Tuesday, April 10, 2012

Abstinence only education is a joke.

Let me first apologize for what is going to be a very statistics heavy post.  Well I would say that except statistics are awesome.  Science, YAY!

I have a religious family so I hear the line about abstinence education every time the topic of human sexuality comes up.  (this is more often than you might think with my parents for some weird reason)  The last time it came up I got to thinking I should do some more research on the topic, since as a skeptic I don't like saying things without clear facts to back them up.

I have read articles stating that birth rates have been falling for teens, and are generally higher in abstinence only states, but hadn't really researched the particular numbers and thought it was high time I looked into those.  Amazingly just about the time I was thinking about looking into this I saw some news articles posted in reference to some new figures that had just come out.

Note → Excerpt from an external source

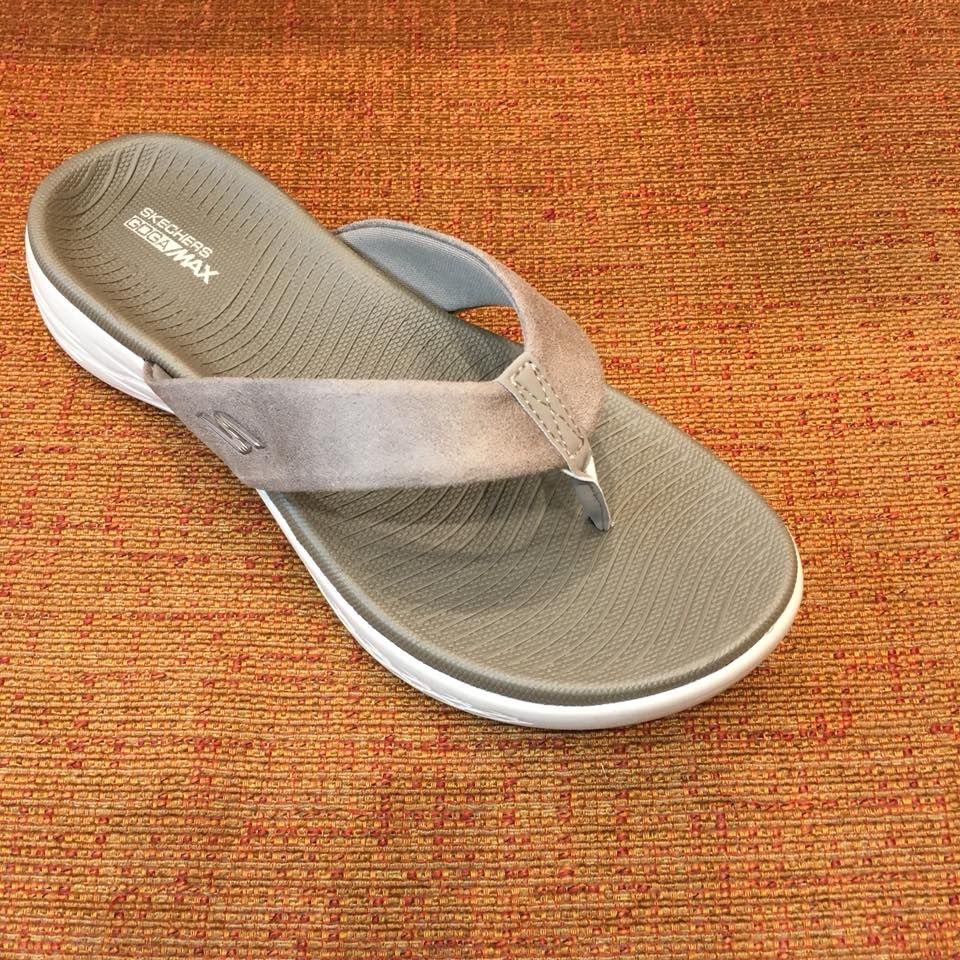 Esclavo de la marca Skechers: Catálogo de Calçats Llinàs Esclavo de la marca Skechers: Catálogo de Calçats Llinàs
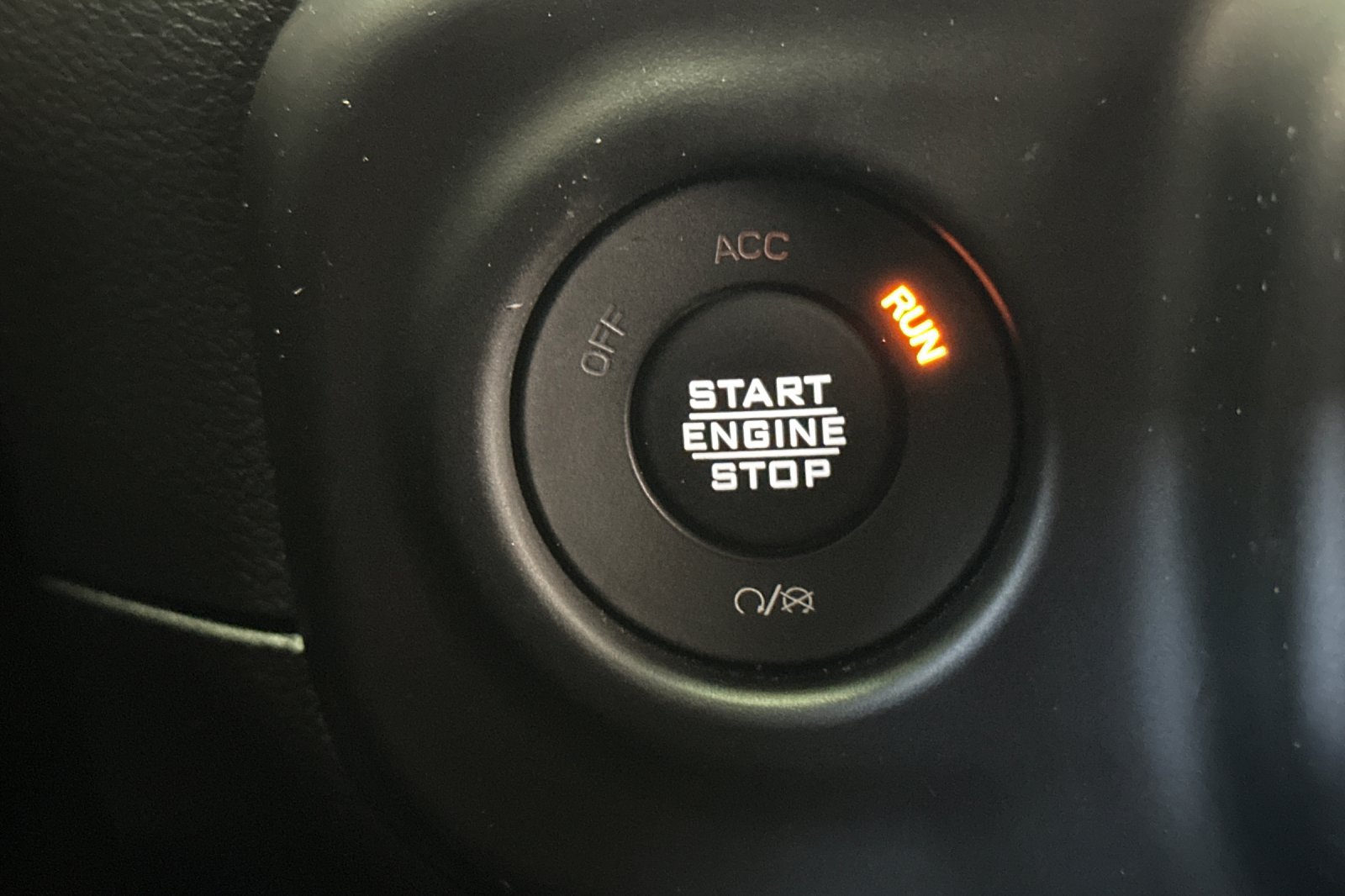Used 2021 Jeep Wrangler Unlimited Sahara w/ Cold Weather Group AWD/4WD image 16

Basically the article is showing that average birth rate of women in their teens (15 to 19) is 34.3 per 1,000 women.  This was about a 9 point drop from the year before.  This seemed pretty significant to me but I wondered exactly how this compared to other years.  A short Google search later I found this link:

So, the CDC has been collecting statistics on birth rates since 1940 so we have a pretty large data set to judge from.  The firs thing I noticed was that the record high for teen births was in 1957 at a whopping 96.3 births per 1,000.  I also noticed that it has been on the decline almost every year since except for a small increase in early 90's. 

I found this rather interesting since the the 50's are often heralded as the sort of society we want to return too, at least in regards to sexual mores, and the sexual revolution that began in the 60's is heralded as the start of all of problems our society faces regarding sexual behavior. 

Another part of the statistics were telling as well.  The 2010 statistics show that states which favor abstinence only education have much higher teen pregnancy rates than those who favor more comprehensive sex-ed.  In Mississippi the rate is 55 out of 1,000 while New Hampshire peaked at 15.7.

Of course the common attack that fundamentalist will throw out at this point is that the rates have dropped because more of these pregnancies have been aborted, however this seems fairly unlikely since, as you can see here, the rate of abortions has fallen by about 33% since the early 80's while teen pregnancy also fell by about 18 per 1,000 in that same time frame.

It should also been noted that despite the drops in birth rates we are still one of the higher in the developed world.  For instance the very secular country of Sweden has a teen pregnancy rate of only 13 in 1,000.

In short the religious rights arguments for abstinence only education are complete nonsense, despite the common perception that teen pregnancy is at an all time high in this society.  The figures show that this perception is not the case, comprehensive sex ed is working. 

This begs an interesting question, why are these political leaders promoting something so contrary to the evidence?  These figures were gathered by the CDC, not just some fly by night organization.  It should not be hard for these politicians to find these numbers.  Do I conclude that these politicians are so blinded by ideology that they are unable to see these figures for what they are?  Do I conclude they are simply too stupid to understand them?  Or is it something more insidious?  Perhaps they know that abstinence only education doesn't work and they simply care more about promoting their own beliefs than they care about the lives they are actively harming with this nonsense.   I don't know what the reason is, but none of the reasons I can think of paint them in a very positive light.


  1. I don't think sexuality comes up that often at all in our family. If anything mom and dad avoid the topic, as it might lead to the uncomfortable topic of my preferences...

  2. That is probably true, though my point (meant to be humorous) was that it seems a little weird to ever converse about sex with ones parents.

    I only mentioned it because I know our dad has on several occasions claimed that teen pregnancy is a huge problem based upon his experiences teaching, and seems to think I am an ignoramus for suggesting otherwise. Though I think that probably has more to do with the general problem that any parent has in admitting their child may know more about something than they do.

  3. Hey, I was in a tiny school in high school and the number of girls that were pregnant was utterly shocking. So I wouldn't say he's entirely inaccurate and that was a school that was not teaching abstinence only, might I add.

  4. Um...I know you already know what anecdotal evidence is so I don't know why we are having this conversation. Read the statistics, he IS entirely inaccurate.

  5. Also, Arizona is one of the states that is bringing the average up, I think it was about 44 out of 1,000, this is still far lower than the rates in the 1950's.